Root Ventures, a young SF firm focused on “hard tech,” just closed a much bigger second fund with $76.7 million

Root Ventures, a San Francisco-based venture firm that closed its debut fund with $30 million 2015, has raised a second fund, closing it with $76.7269 million dollars in capital commitments. Why? Because Root is proudly comprised of engineering nerds, and 767.269 miles per hour is the speed of sound. In dry air. At 20 degrees Celsius.

Of course, more mathematically significant to its investors is how the firm is faring, and on that front, Root’s backers must like what they see.

Though Root’s investments are mostly too new to judge yet  — its debut fund took stakes in 27 companies — it can easily back up claims that it invests in “deeply technical founders” who are tackling “interdisciplinary engineering problems,” including in robotics, machine learning, and software for physical industries.

Among Root’s many interesting bets to date: Creator, a hamburger-making robot that can craft a burger from start to finish in five minutes; Nautilus Labs, which sells machine learning-based analytics to maritime shipping companies, including to help them reduce their fuel costs; NordSense, whose ultra low-cost sensors sit inside garbage bins to monitor how full they are; and Wild Type, a young startup focused on creating lab-grown meat.

Firm cofounder Avidan Ross tells us that with the firm’s new fund, he and investing partners Chrissy Meyer and Kane Hsieh will be writing slightly larger initial checks, ranging from $1 million to $2 million, up from the $500,000 checks it was writing with its first fund. He adds that the firm plans to stay firmly rooted (ahem) to its mission of supporting seed-stage founders whose companies may ultimately require a lot of resources, yet who Root can help because of its collective engineering and investing muscle.

Ross is himself a trained engineer who was previously CTO of the private equity firm CIM Group. Meyer was an engineering program manager at both Apple and Square before becoming the director of hardware product development at Pearl Automation. (The three-year-old company was founded by numerous Apple employees and set out to make automotive back-up cameras, but it shut down last year.)

Meanwhile, Hsieh, who studied computer science at Harvard, spent a couple of years as a senior associate with RRE Ventures in New York before cofounding a bike company focused on low cost and high design. Then, shortly after Root was founded, Ross talked him into joining. “Kane is obsessed with optimization and automation,” says Ross.

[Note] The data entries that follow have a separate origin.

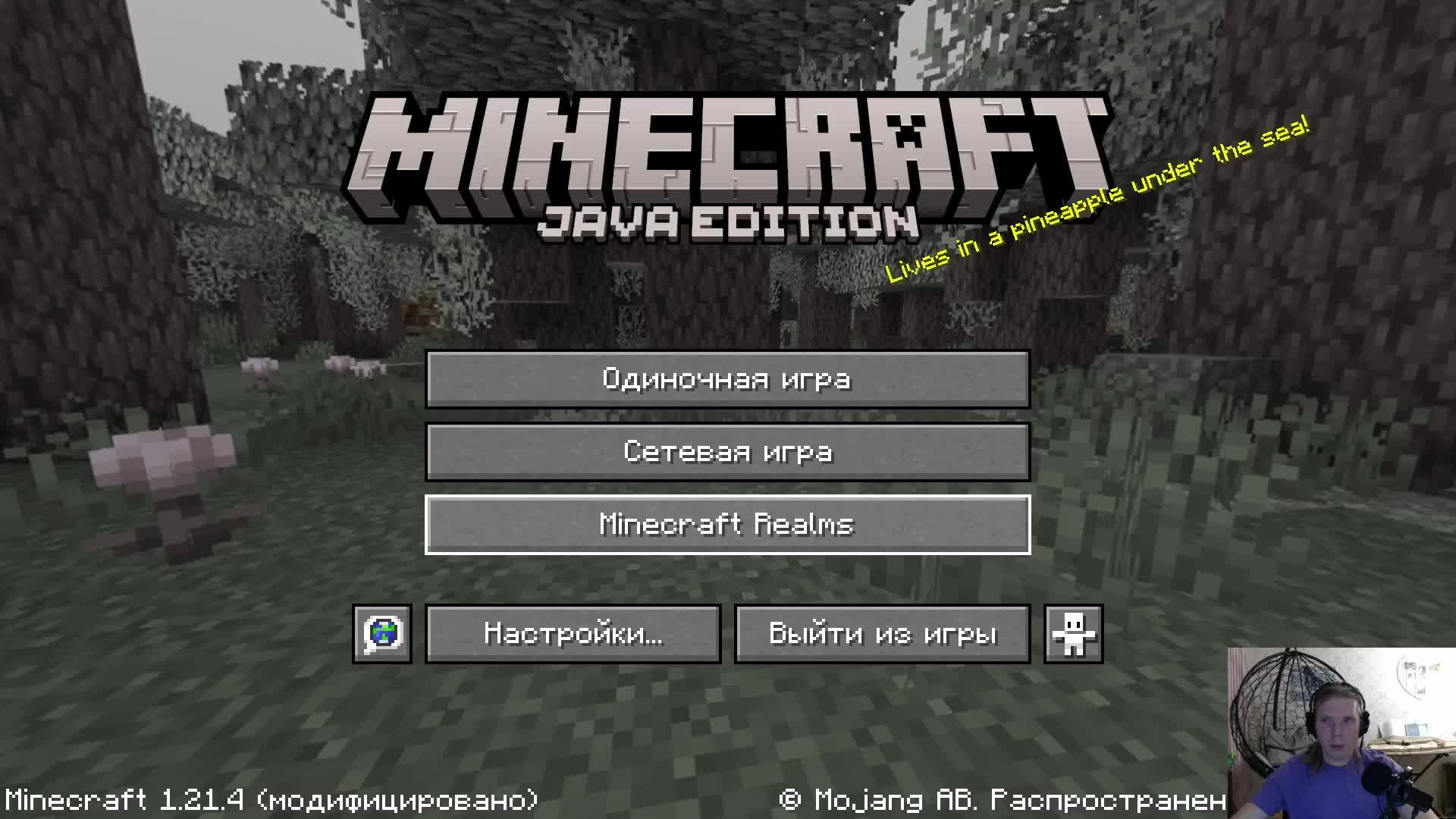 Minecraft Версия 1.21.4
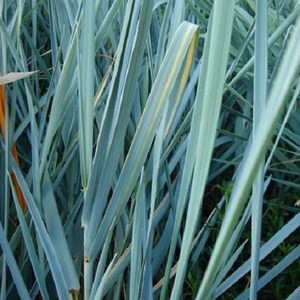 6 x blé d'azur - leymus arenarius  - godet 9x9 cm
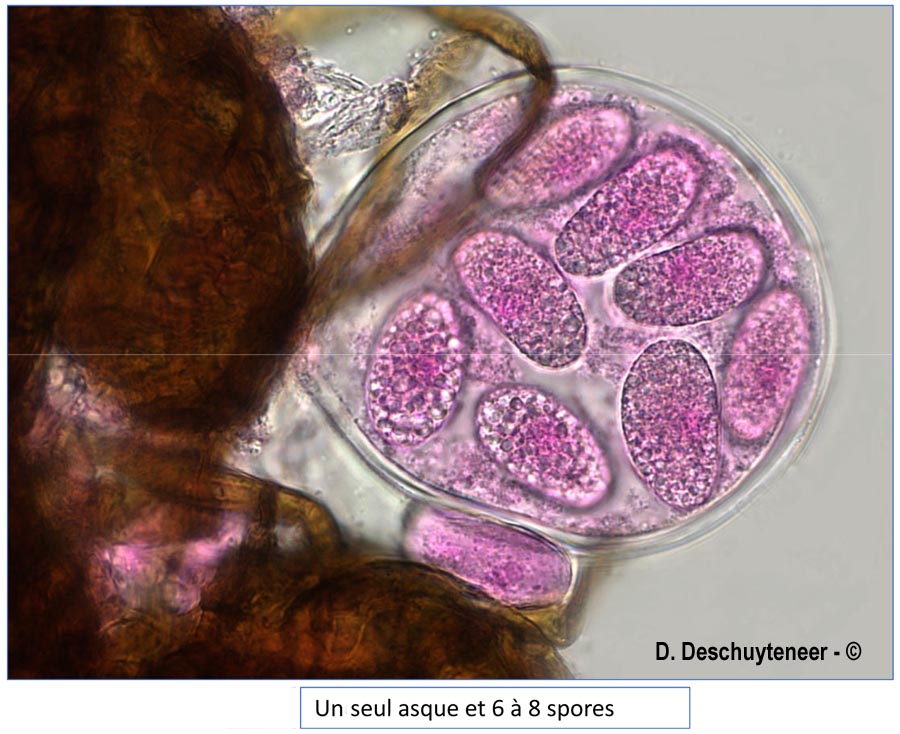 Podosphaera dipsacacearum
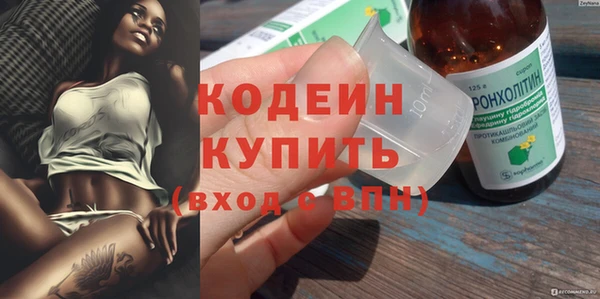 apvp Ельня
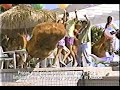 1997 McDonalds Ad Summer Chicken McNuggets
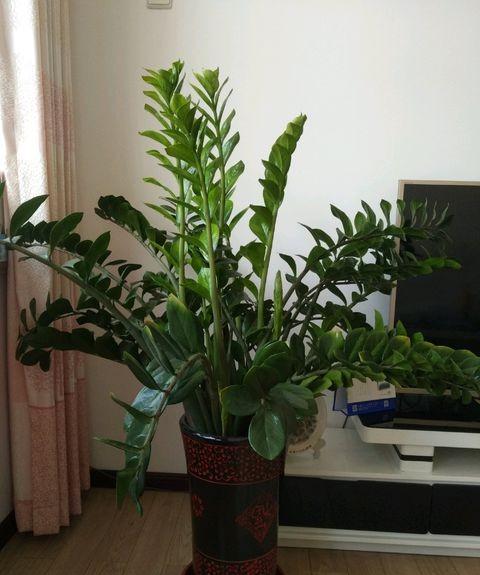 绿箩浇水小秘籍：加什么肥料长得好？浇水量怎么控制？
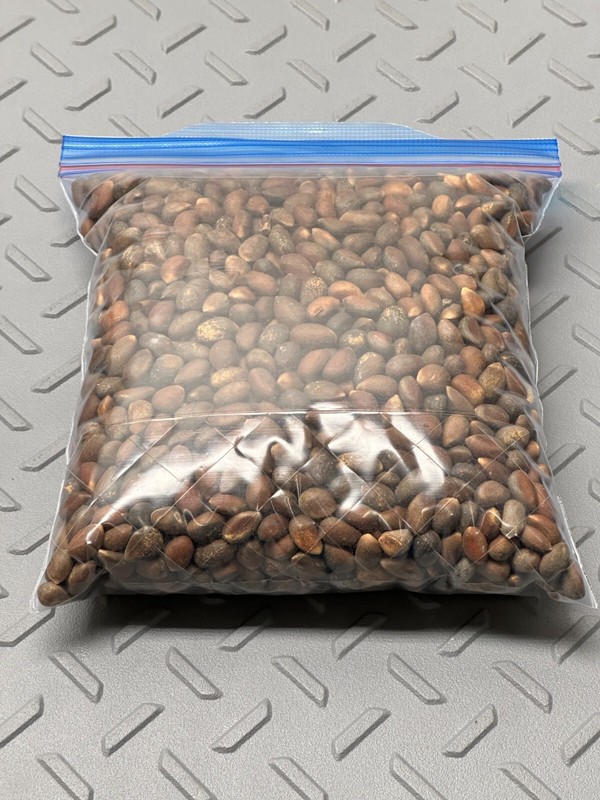 1 LBS RAW New Mexico Piñon, Pinon Pine Nuts, Flavorful, Sweet, Soft Shells😁😊😍 gallery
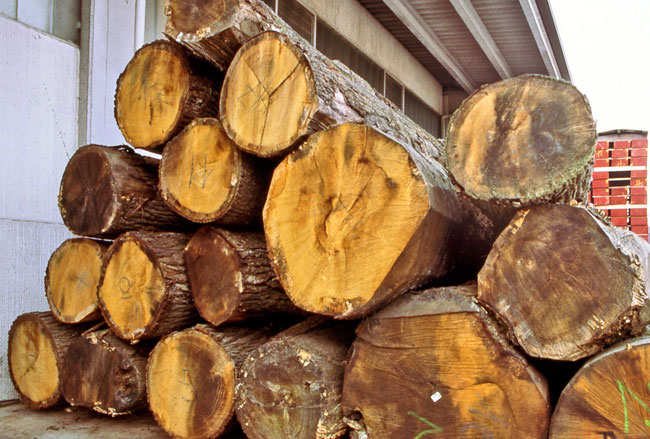 tavole di legno, legno, fai da te, stoccaggio legno, composizione del legno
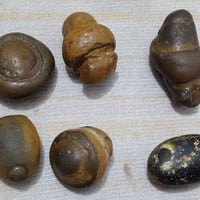 شلع • متفرقات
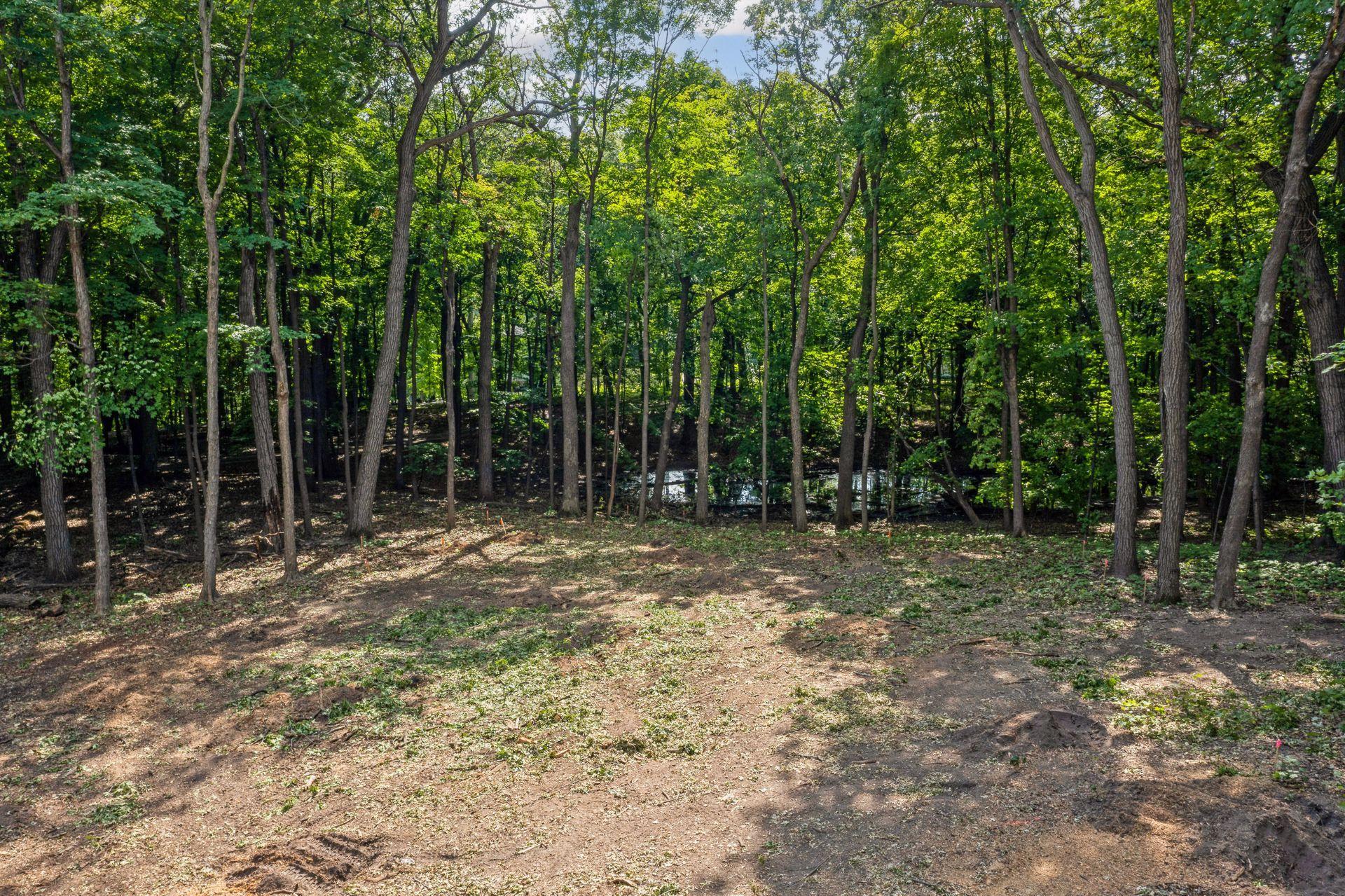 Land in Chanhassen 5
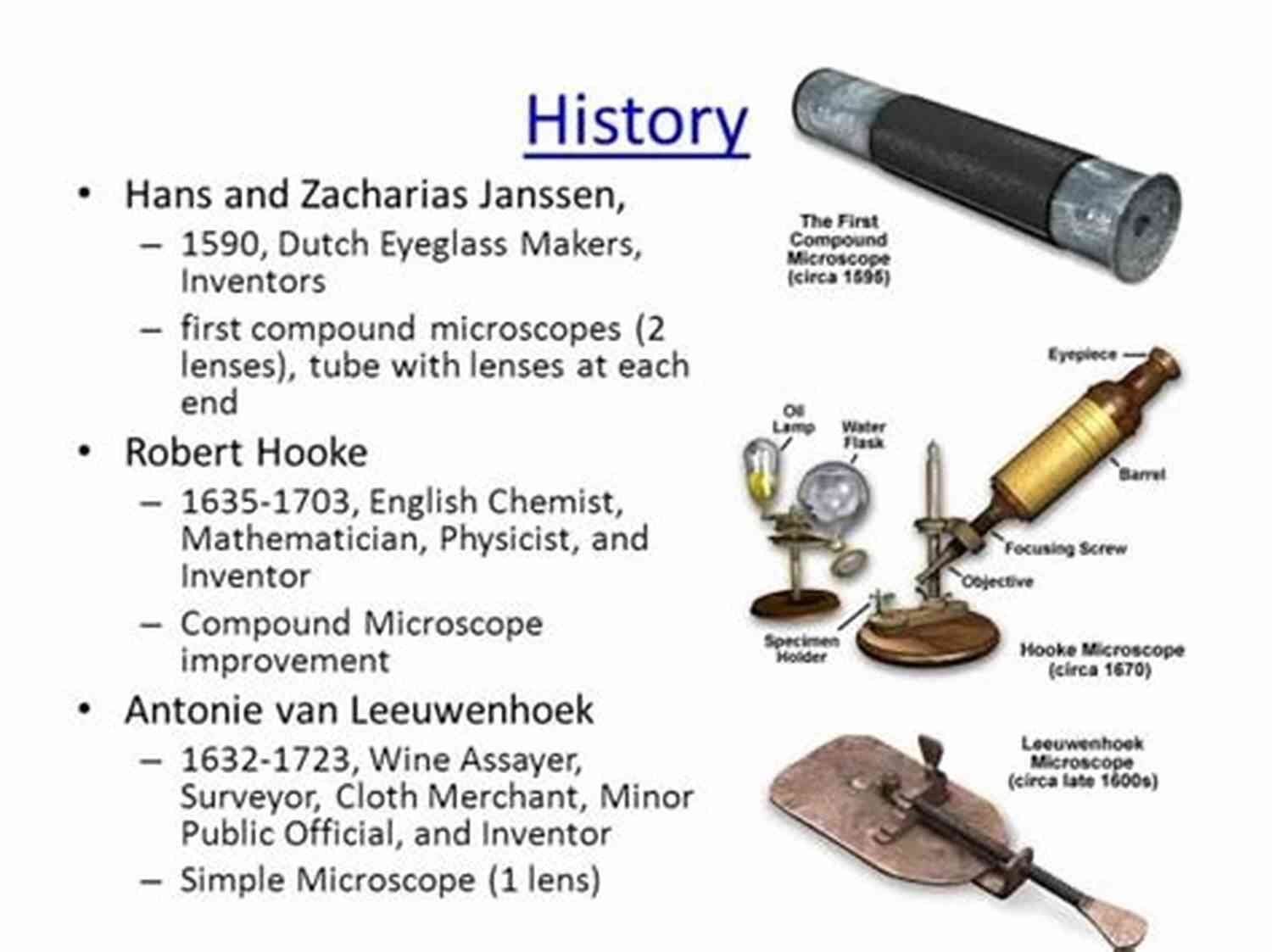 Soil Microbial Diversity Ten Graphs For The Amateur Microscopist: A Brief Exploration Of Your First Microscope Experiences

Root has seen a few exits already, among them Preact, a cloud-based platform and service aimed at helping subscription-model businesses reduce churn; it was acquired for undisclosed terms by Spotify in late 2016.  Root also saw Cape Networks, a startup that used sensors to provide service assurance and test network and application performance, sell to Hewlett Packard Enterprise earlier this year for undisclosed terms.

As for its investors, like most venture firms, Root doesn’t discuss these. Still, we’re aware that one of Root’s backers, in both its first and second vehicles, is the fund of funds manager Cendana Capital, based in San Francisco.

Cendana has been an early investor in many promising seed-stage firms, some that have since graduated from Cendana’s sweet spot, which is groups that raise sub $100 million funds. Some of its other investments over the years have included Forerunner Ventures, Uncork Capital, Bolt, Notation Capital, and IA Ventures.